» EXERCISE DATA:
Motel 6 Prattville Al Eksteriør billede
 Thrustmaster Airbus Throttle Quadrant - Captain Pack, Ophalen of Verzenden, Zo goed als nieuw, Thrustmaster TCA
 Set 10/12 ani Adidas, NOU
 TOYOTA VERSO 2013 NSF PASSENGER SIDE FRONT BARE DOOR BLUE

» ABOUT THIS TASK: Each line above should be copied exactly, with no line missing.

» TASK OUTPUT:
Motel 6 Prattville Al Eksteriør billede
 Thrustmaster Airbus Throttle Quadrant - Captain Pack, Ophalen of Verzenden, Zo goed als nieuw, Thrustmaster TCA
 Set 10/12 ani Adidas, NOU
 TOYOTA VERSO 2013 NSF PASSENGER SIDE FRONT BARE DOOR BLUE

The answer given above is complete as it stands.